(Extracted data entries)
<<<<

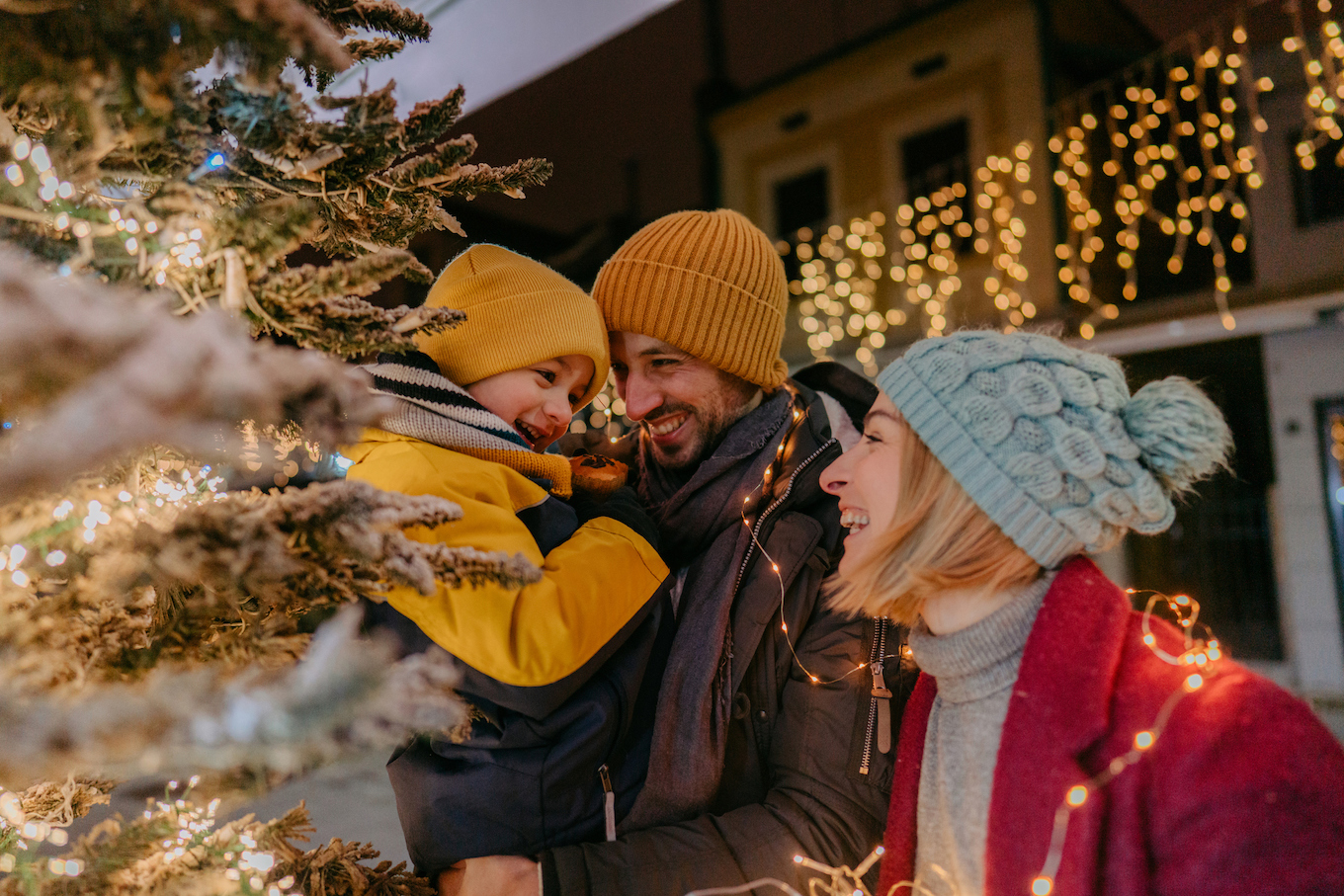 Family outside with Christmas lights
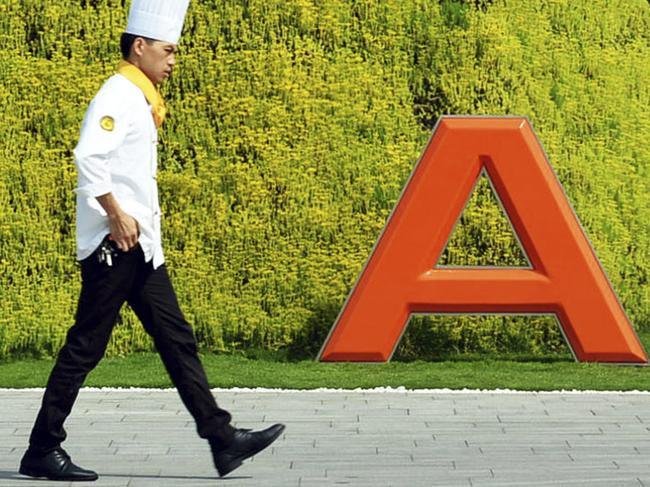 In this photo taken on Aug. 27, 2014, a chef walks in the headquarter campus of Alibaba Group in Hangzhou in eastern China's Zhejiang province Foreigners who want to buy Alibaba Group shares in the Chinese e-commerce giant’s U.S. public offering will need to get comfortable with an unusual business structure.(AP Photo) CHINA OUT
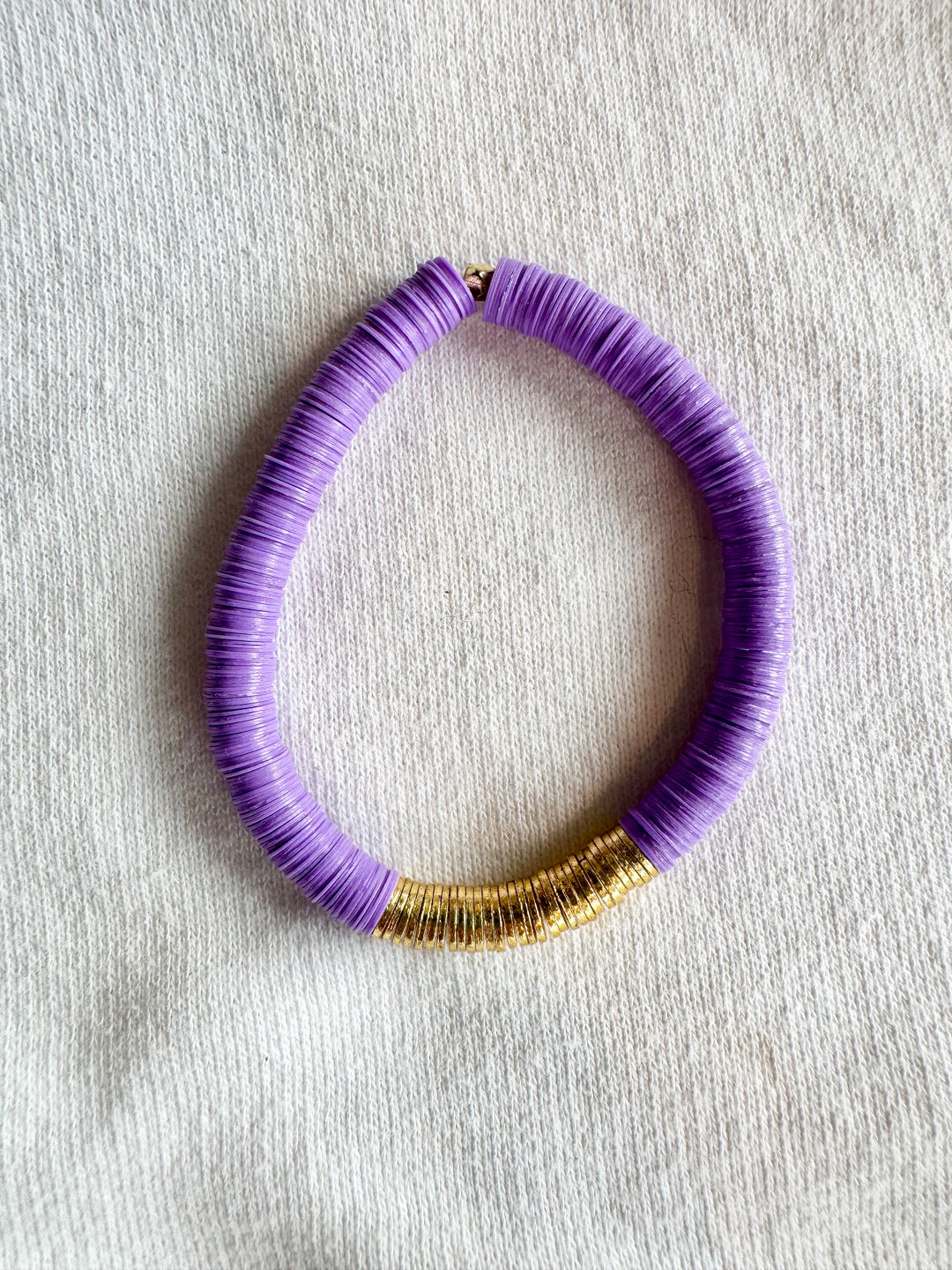 Large flat bead bracelet with purple vinyl beads and gold-plated accents.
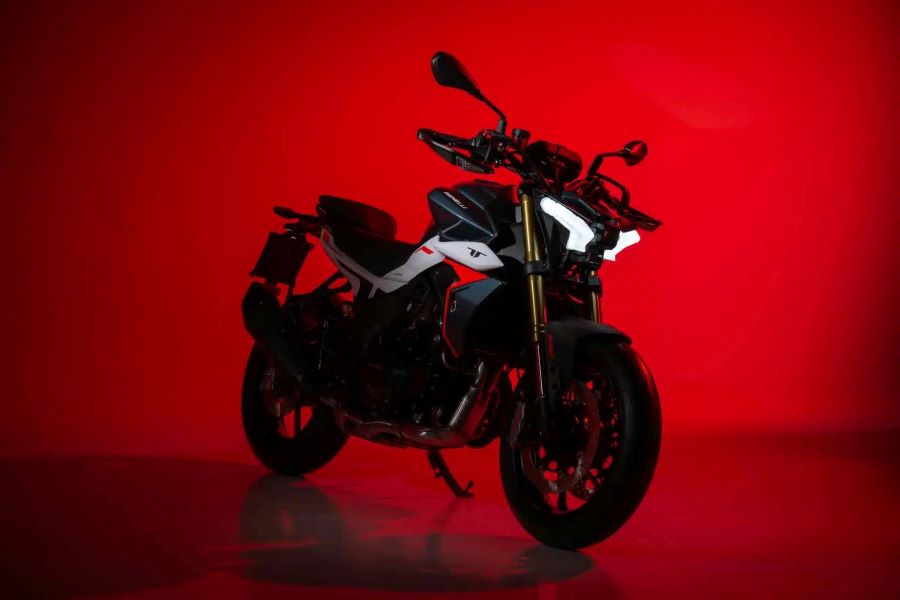 Una moto Benelli TNT 550 azul y blanca con las luces encendidas dispuesta sobre fondo rojo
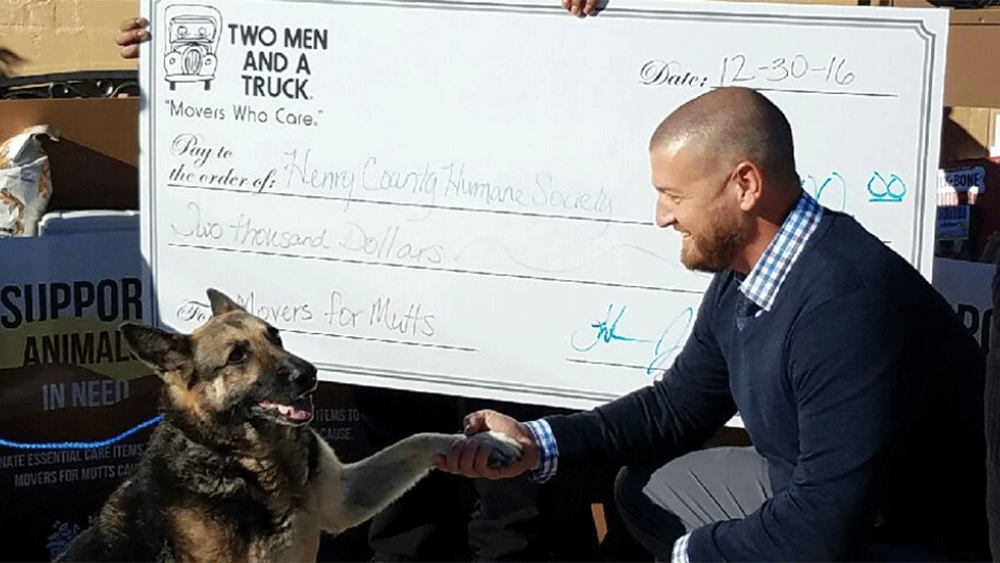 two men and a truck presenting the humane society with a large size donation check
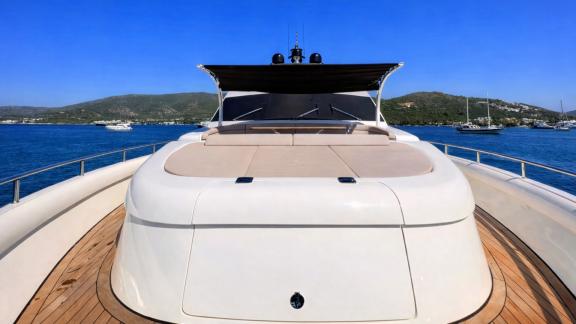 The front deck of Den Den motor yacht in Bodrum features a wide sunbathing area for daily yacht trips.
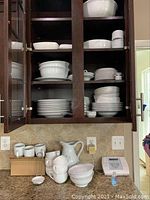 Dishes arranged on open shelves and countertop including mugs, bowls, plates, pitcher, and square side dishes.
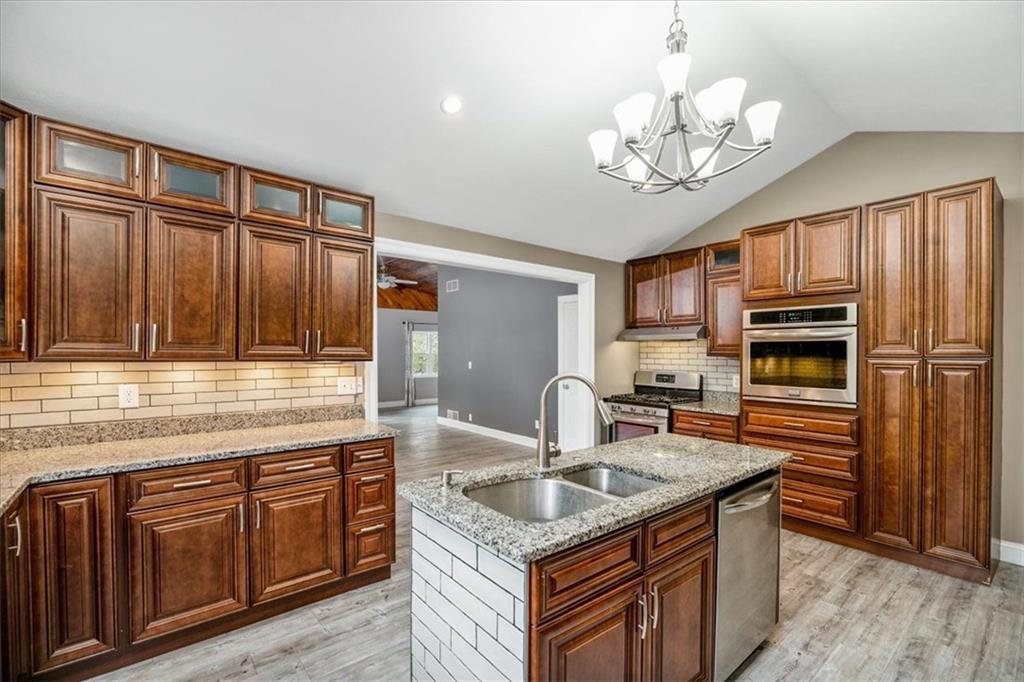 720 Conway Wallrose Road Freedom, PA 15042 - Photo 10 of 25 a kitchen with stainless steel appliances granite countertop a sink dishwasher stove and refrigerator with wooden floor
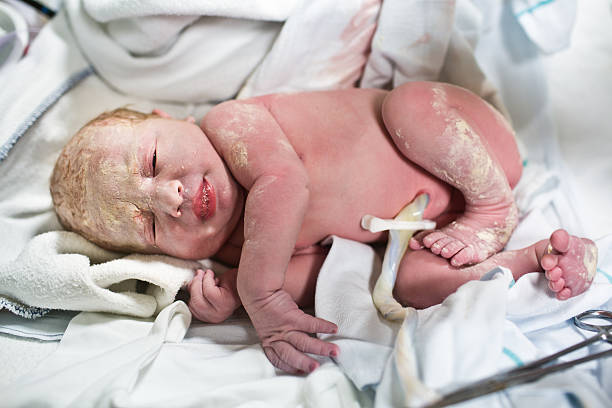 Newborn baby with umbilical cord stock photo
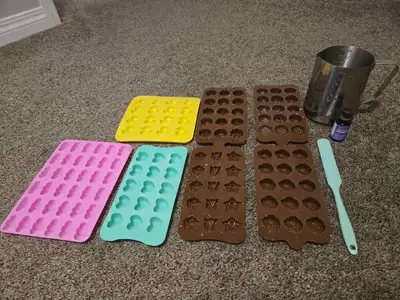 Supplies for making candles or soaps. Includes 7 silicone molds, pitcher, silicone spatula, and lave...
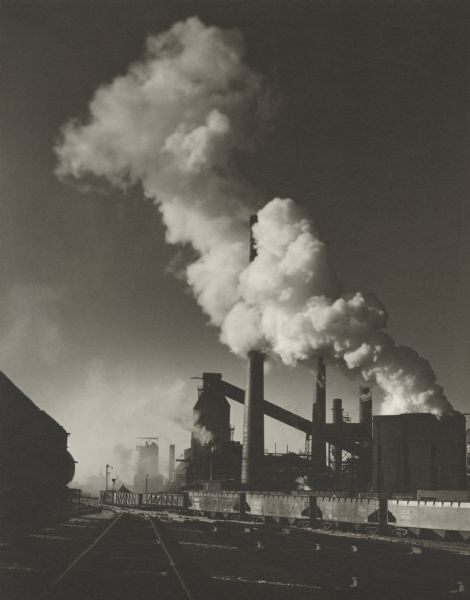 Solvay Coke and Gas Company with railroad train and tracks, smoke billowing upward. The company was opened in 1906 and closed in 1983.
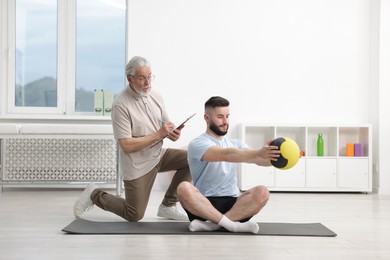 Photo of Doctor and patient exercising with medicine ball in clinic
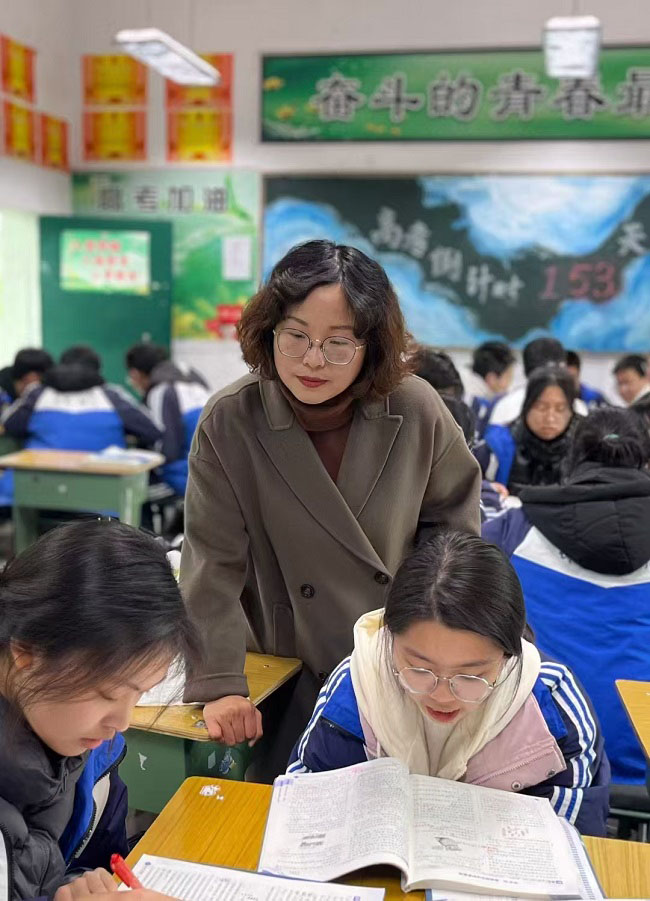 正在指导学生功课的王晓燕。曾莉供图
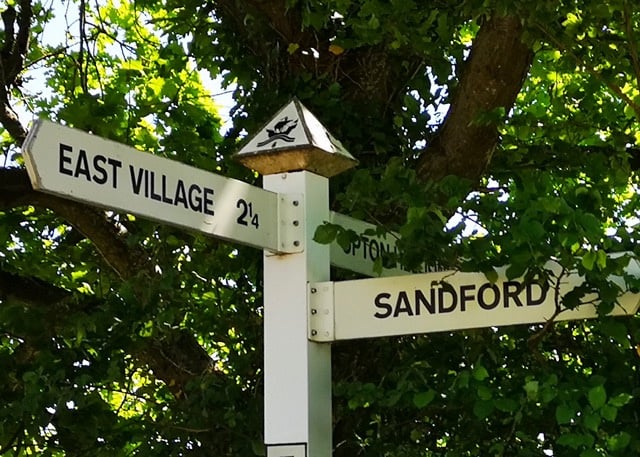 Sandford finger post with a new parking sign.
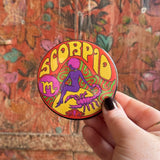 Someone holding the Scorpio Astral Weekend Zodiac Magnet 3" Round in front of a wooden background.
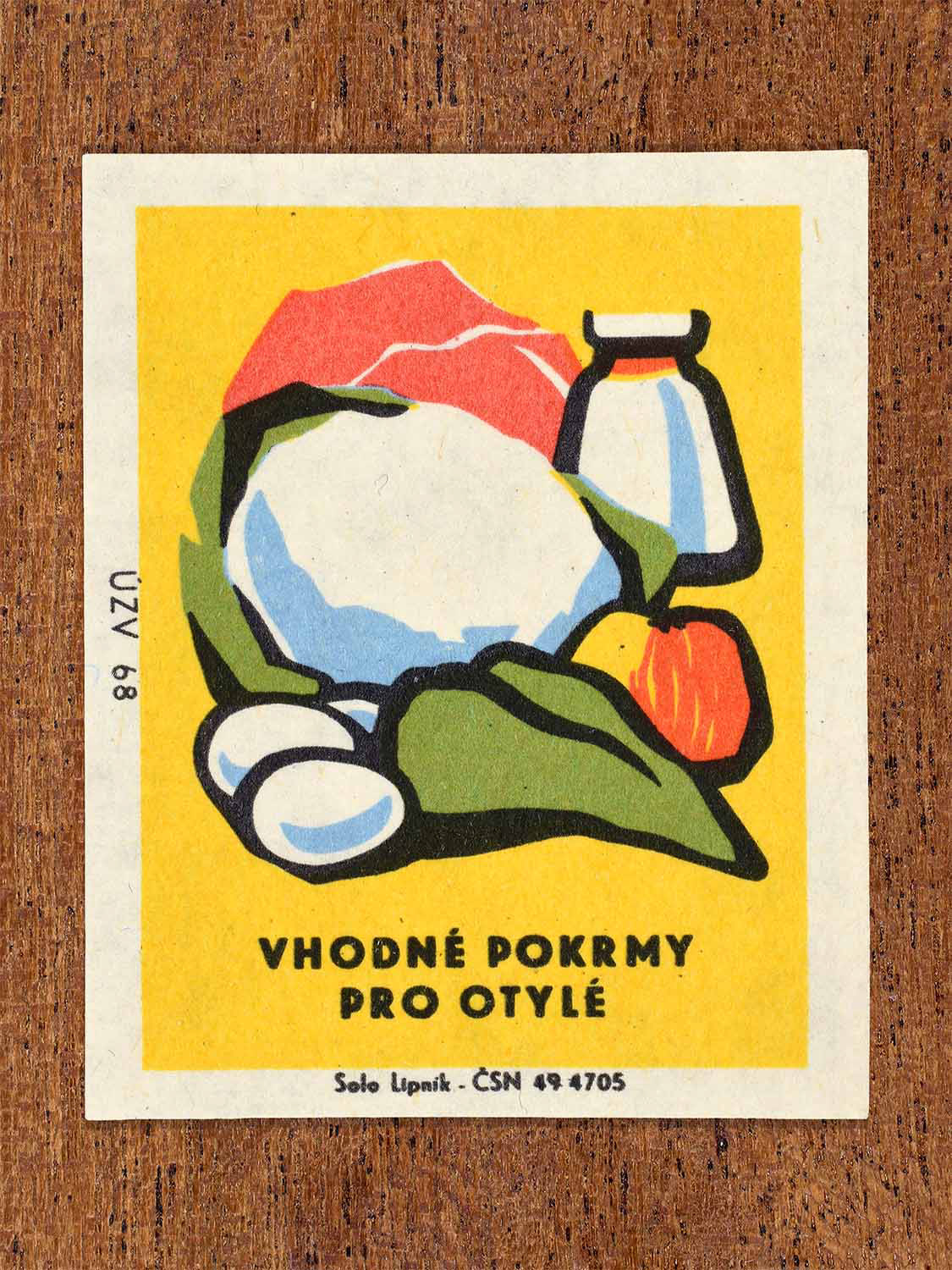 Vintage c. 1968 Czech matchbox label showing vegetables, bread and milk on a yellow background. Produced by the Solo Lipník match factory to promote suitable foods for overweight people.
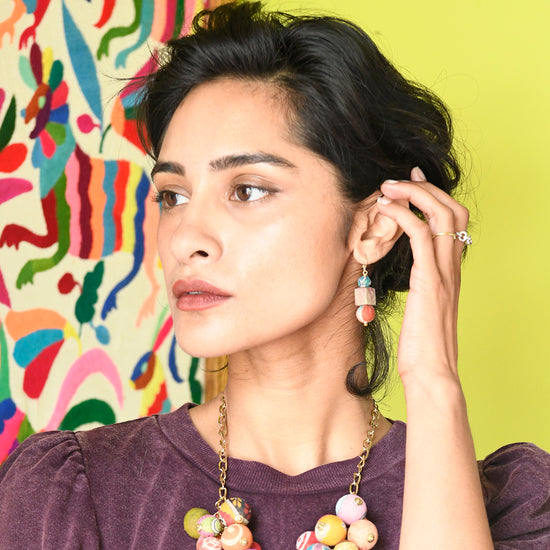 Load image into Gallery viewer, A woman models the Kantha Shapes Drop Earrings.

>>>>

== TASK TO CARRY OUT ==
Restate the data word for word from its first line through the line with "Someone holding the", leaving out any picture along the way.

== FINISHED EXERCISE ==
 Family outside with Christmas lights
 In this photo taken on Aug. 27, 2014, a chef walks in the headquarter campus of Alibaba Group in Hangzhou in eastern China's Zhejiang province Foreigners who want to buy Alibaba Group shares in the Chinese e-commerce giant’s U.S. public offering will need to get comfortable with an unusual business structure.(AP Photo) CHINA OUT
 Large flat bead bracelet with purple vinyl beads and gold-plated accents.
 Una moto Benelli TNT 550 azul y blanca con las luces encendidas dispuesta sobre fondo rojo
 two men and a truck presenting the humane society with a large size donation check
 The front deck of Den Den motor yacht in Bodrum features a wide sunbathing area for daily yacht trips.
 Dishes arranged on open shelves and countertop including mugs, bowls, plates, pitcher, and square side dishes.
 720 Conway Wallrose Road Freedom, PA 15042 - Photo 10 of 25 a kitchen with stainless steel appliances granite countertop a sink dishwasher stove and refrigerator with wooden floor
 Newborn baby with umbilical cord stock photo
 Supplies for making candles or soaps. Includes 7 silicone molds, pitcher, silicone spatula, and lave...
 Solvay Coke and Gas Company with railroad train and tracks, smoke billowing upward. The company was opened in 1906 and closed in 1983.
 Photo of Doctor and patient exercising with medicine ball in clinic
 正在指导学生功课的王晓燕。曾莉供图
 Sandford finger post with a new parking sign.
 Someone holding the Scorpio Astral Weekend Zodiac Magnet 3" Round in front of a wooden background.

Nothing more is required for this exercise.